While it is a great honour to be the first male Wornette, it is also a great responsibility, one which I will not take lightly. I know my historic internship shatters boundaries and I hope I represent my gender well. Although my academic background is in history, I have avidly followed fashion since I was 14 and the glittering world of John Galliano broke up the bleak days of high school. After a Kafkaesque Masters program and a quarter-life existential crisis, I escaped to Ireland where I got to read for fun, make international friends and visit Amsterdam, Edinburgh, and Berlin. But, like Dorothy Gale, I’m figuring out that to find happiness, sometimes you need to go no further than your own backyard. I am currently taking journalism classes at Ryerson, pondering the possibilities of freelance writing, and am overjoyed to be involved with a publication for which sorting through my cluttered stacks of old fashion magazines can be considered research.

Current Inspirations

Manish Arora
I just saw this designer, who has been referred to as the John Galliano of Indian fashion on Fashion Television. He spoke about how India, long acknowledged for its incredibly beautiful textiles, has not been traditionally known for interesting shapes, the sari being essentially a large piece of rectangular fabric. I’d love it if Mumbai became the next Milan.

Go Fug Yourself
I have become addicted to this blog written by two smart, sassy women about the (mostly) fashion mistakes that celebrities make. Although their snarkiness is laugh-out-loud funny, deep down you know that they have a sincere fondness for the zany stars and outfits that they lampoon.

Zachary Koski
Zachary Koski is a Toronto-based photographer I just heard about. Some of his photos are fashion-y, others are just simply gorgeous.

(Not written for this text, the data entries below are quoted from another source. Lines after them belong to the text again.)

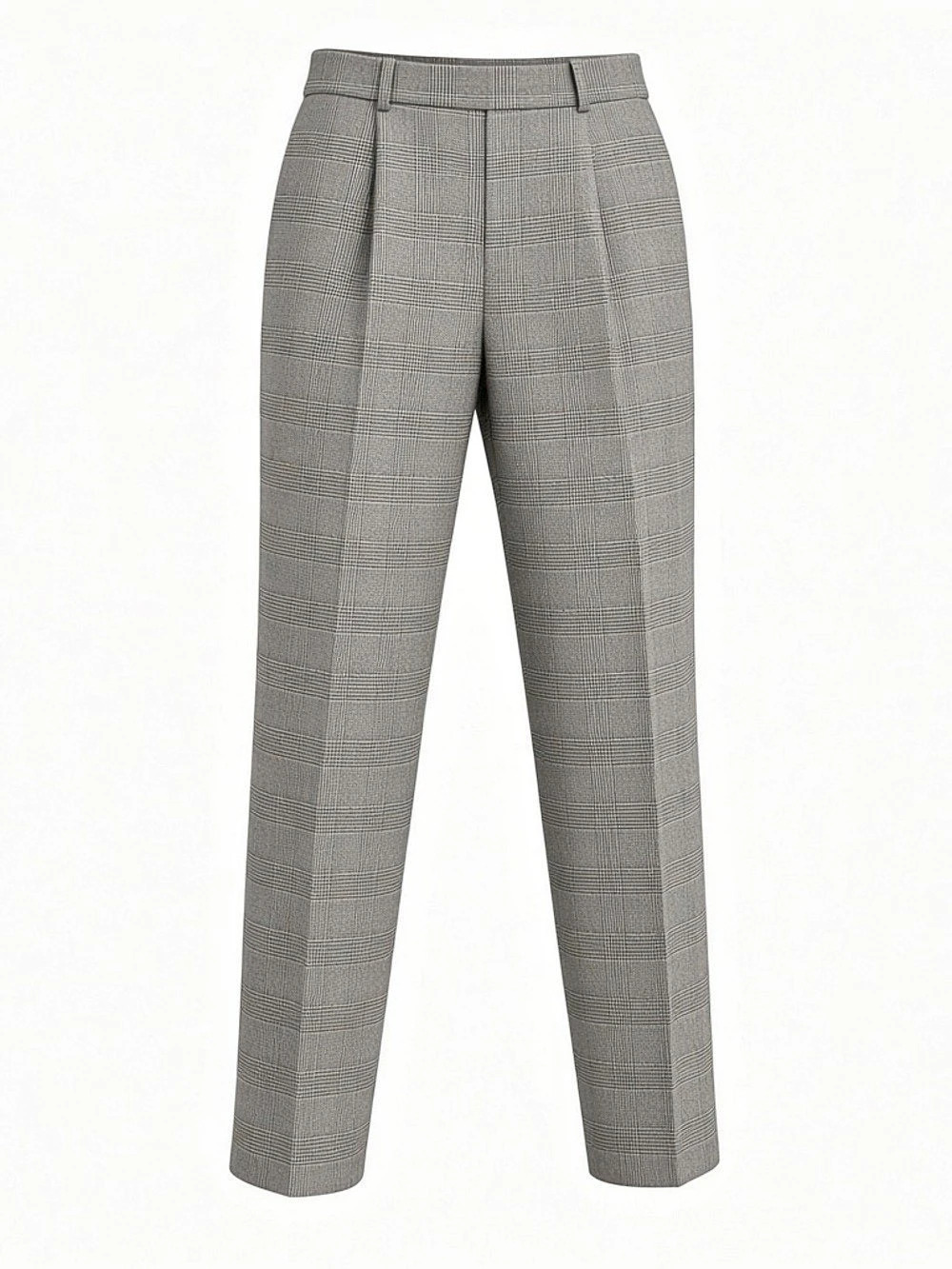 LOFT Plaid Straight Leg Pants in Gray Size XS Like New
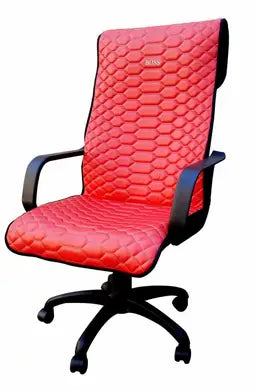 Red office chair cover BOSS eco-leather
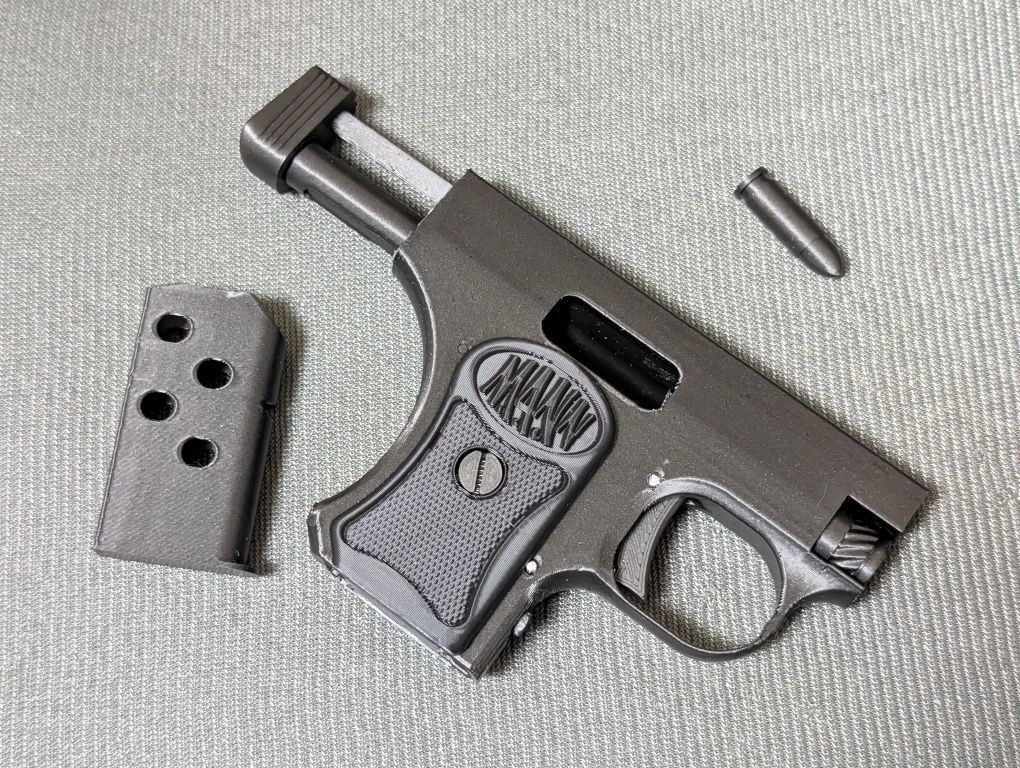 Mann Pistol FDM PLA(アイアングレー)出力簡易組立済モデルガン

Shorpy updates constantly with high-definition old photographs of, among other things, cities, buildings, cars, athletes and well-dressed women. It is so easy to only associate past eras of clothing with their perspective cinematic eras and I’d found it useful to follow this site to see what women who were not movie stars dressed like in the past.

What Would Emma Pillsbury Wear?
This blog is dedicated to the prim fashions of Jayma Mays’s neurotic but sweet teacher character on Glee, which by this point you’re either watching or you’re not. Each era needs its television style icon, and is it too early to suggest cute Miss. Pillsbury as the Carrie Bradshaw for our jittering, anxious times?

11 thoughts on “Max Wornette

  1. Love that you’re doing a blog on Emma Pillsbury, I find her at the top of the most fashionable women on television (the late Charlotte Charles from Pushing Daisies and any of the women from Mad Men being among them)
    Looking forward to reading your articles

  2. I’m in the company of the Fug Girls? Thanks! I absolutely don’t think it’s too early to suggest Emma as the next iconic woman of style on television. :)

    @Hope, before Emma, it was indeed Charlotte Charles who rocked my fashion world. Agree wholeheartedly!

  3. hm i’m not going to give Emma any Carrie-Bradshaw type icon status until she wears a body suit with a pageboy cap. Then again, Carrie had new york city working to her advantage and Emma lives in a suburb so I guess she has a good excuse for safer ensembles.
    Anyway, I find working at WORN to be a very good outlet for Kafkaesque quarterlife crises, so you picked a good time to come aboard. Welcome, Max!

  4. Oooh – I ADORE shorpy. I feel like every time I get on that site I find a picture of women in cloche hats holding firearms. Awesomeness.
    Also, 20 extra points for “kafkaesque.”

  5. “a Kafkaesque Masters program”!!!!!! – the best description of a masters in the humanities ever! You just made my week. I laughed out loud.

    Oh, and the fact that you’ve included Manish Arora makes me adore you. You’re wonderful.

  6. This Shorpy business is so fantastic, I don’t even know what to say. You have just made my life at least ten times happier. Possibly more.